Task directions: Nothing but the lines below from the one containing "Photo 38 de" through the one containing "poker online situs seluler - Ekings" should appear in the answer, exact and without pictures.

#### Input ####

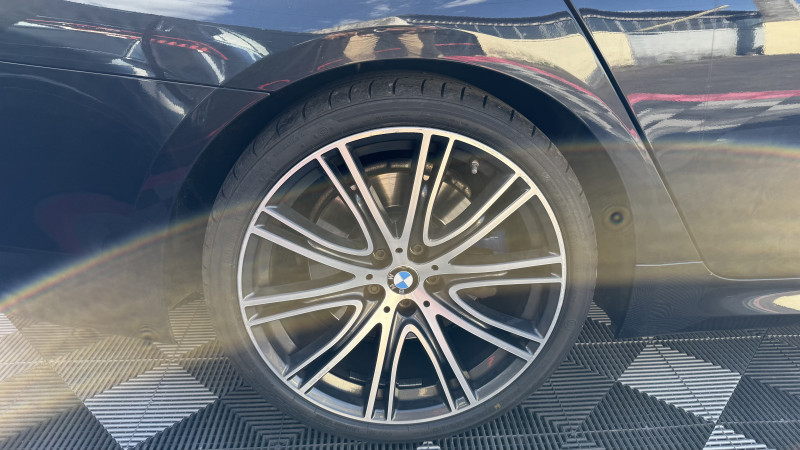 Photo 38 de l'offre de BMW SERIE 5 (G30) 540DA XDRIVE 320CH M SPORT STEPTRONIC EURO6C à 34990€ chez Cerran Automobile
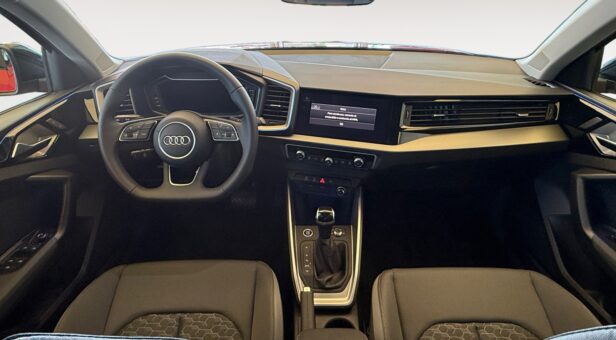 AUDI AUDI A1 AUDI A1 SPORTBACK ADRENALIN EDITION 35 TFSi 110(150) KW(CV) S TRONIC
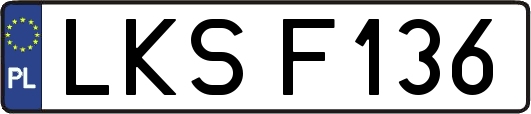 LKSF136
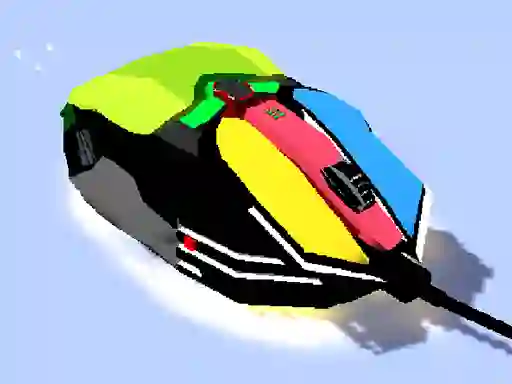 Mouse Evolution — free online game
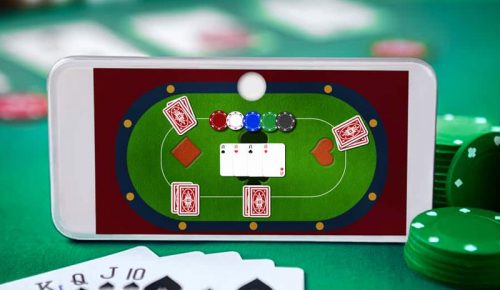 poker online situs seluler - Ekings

####
#### Input ####

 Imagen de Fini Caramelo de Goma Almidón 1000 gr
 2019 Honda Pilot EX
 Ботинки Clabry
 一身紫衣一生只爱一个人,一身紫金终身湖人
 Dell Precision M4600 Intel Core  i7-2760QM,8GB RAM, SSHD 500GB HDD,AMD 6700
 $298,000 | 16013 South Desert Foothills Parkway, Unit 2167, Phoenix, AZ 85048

####
#### Input ####

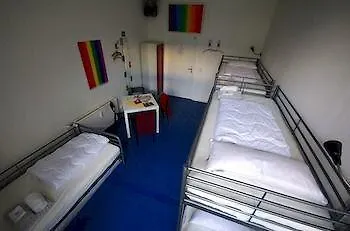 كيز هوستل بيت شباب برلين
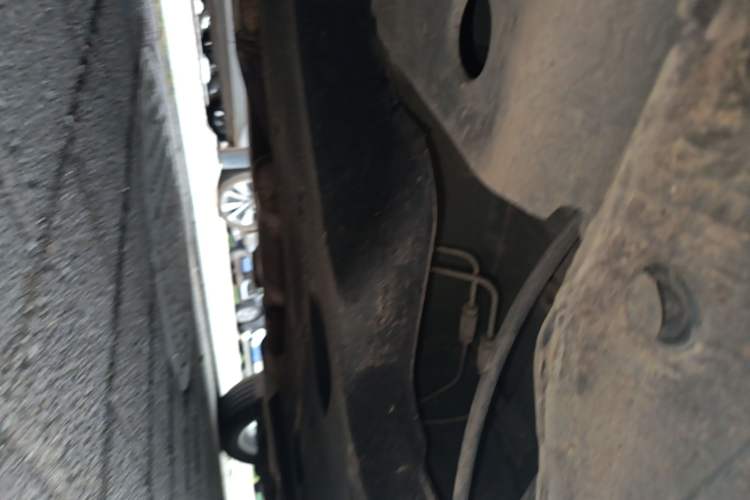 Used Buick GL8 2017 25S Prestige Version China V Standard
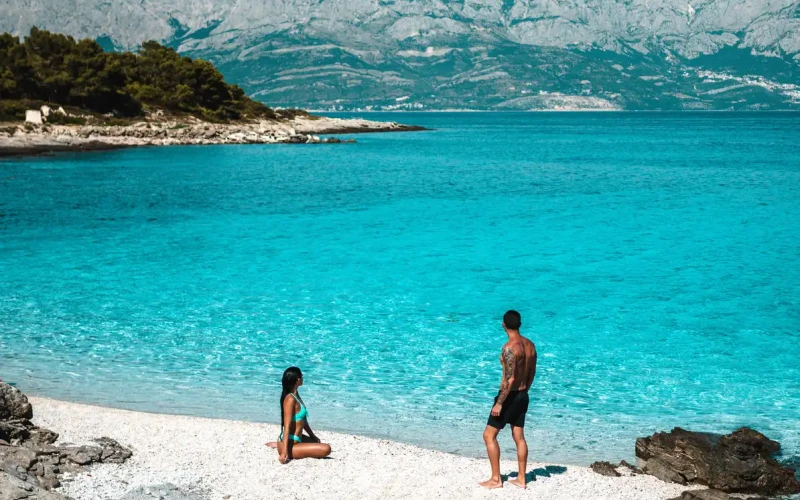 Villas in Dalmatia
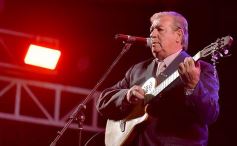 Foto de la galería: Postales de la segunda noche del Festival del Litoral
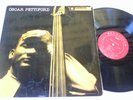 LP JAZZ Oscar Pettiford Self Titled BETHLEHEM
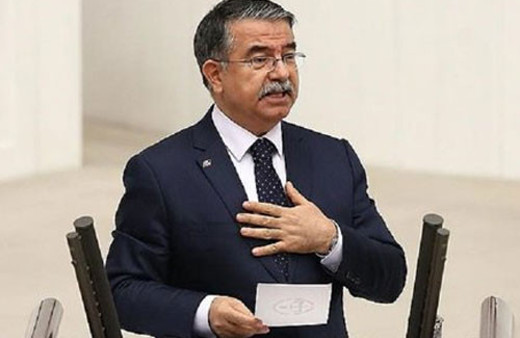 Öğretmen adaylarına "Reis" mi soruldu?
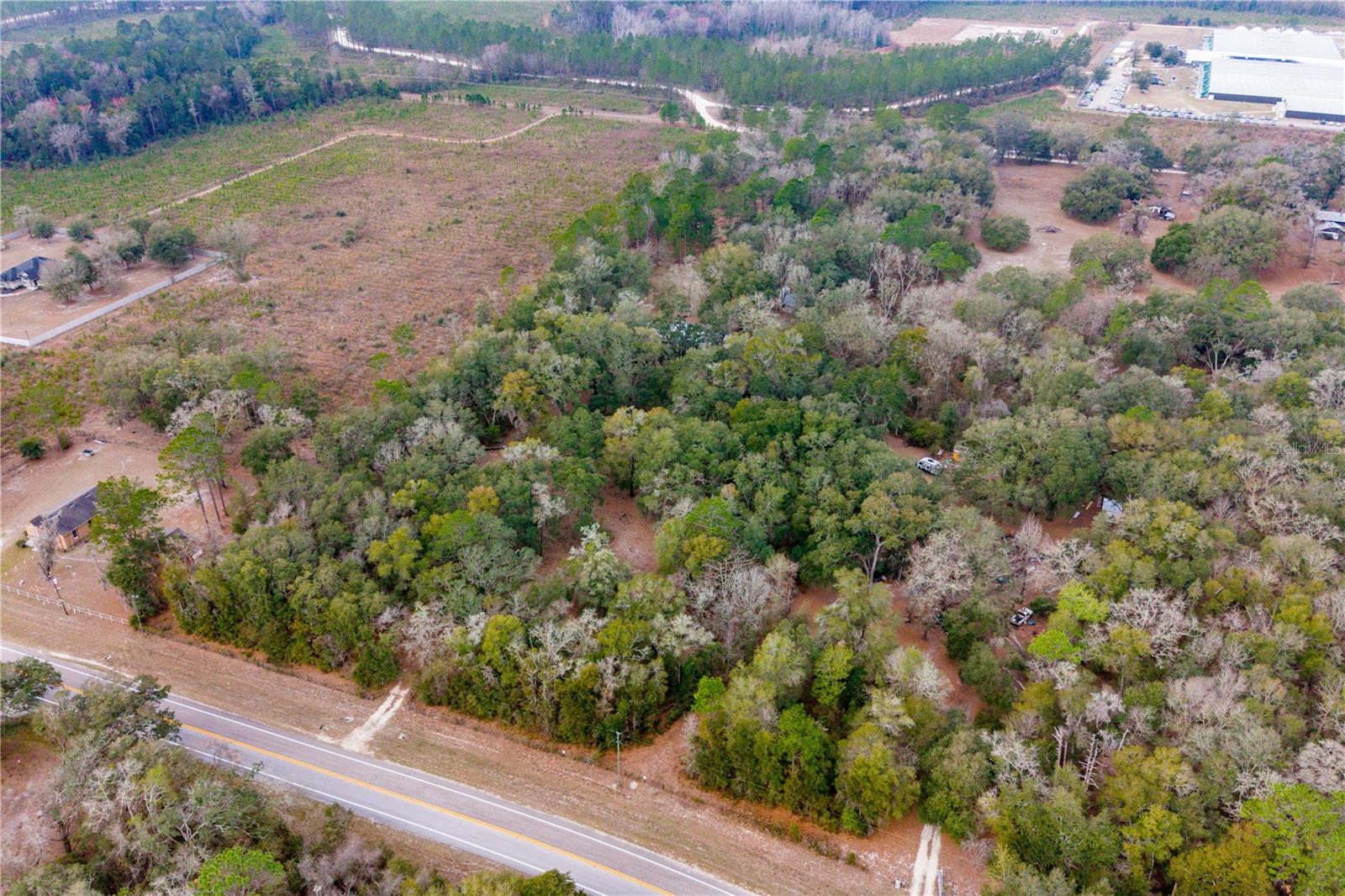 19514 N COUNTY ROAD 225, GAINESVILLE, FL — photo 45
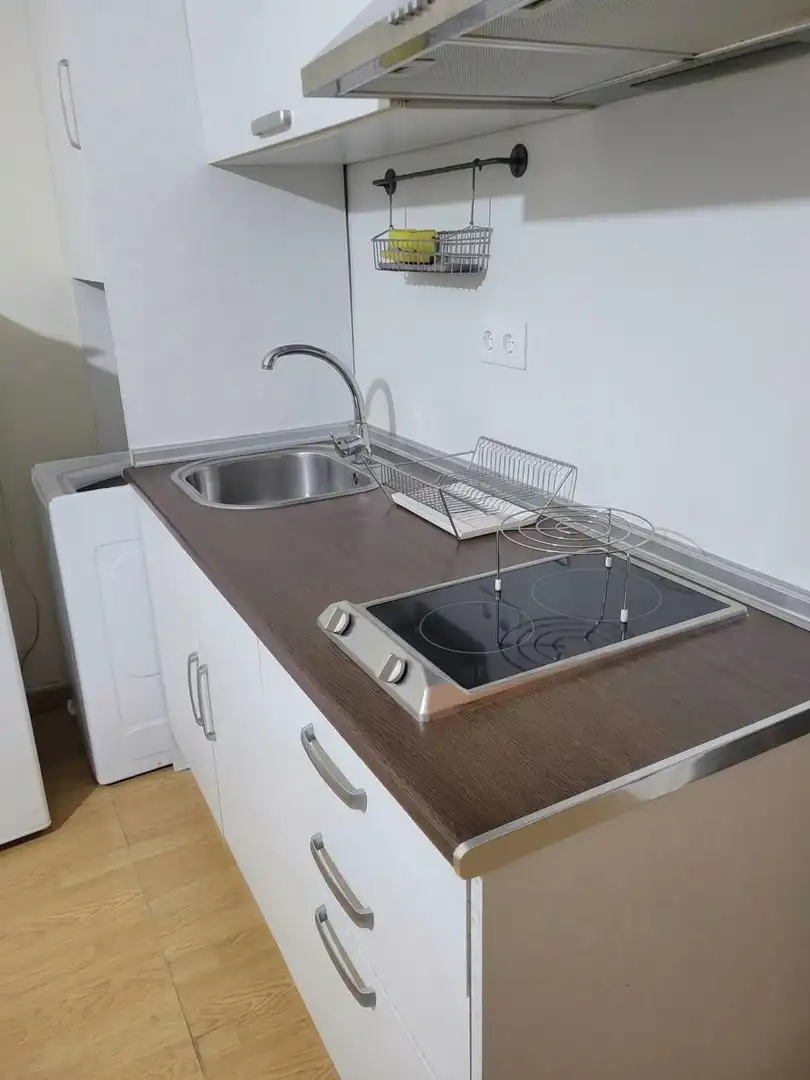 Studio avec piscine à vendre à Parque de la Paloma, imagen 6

####

Answer to the exercise:
 Photo 38 de l'offre de BMW SERIE 5 (G30) 540DA XDRIVE 320CH M SPORT STEPTRONIC EURO6C à 34990€ chez Cerran Automobile
 AUDI AUDI A1 AUDI A1 SPORTBACK ADRENALIN EDITION 35 TFSi 110(150) KW(CV) S TRONIC
 LKSF136
 Mouse Evolution — free online game
 poker online situs seluler - Ekings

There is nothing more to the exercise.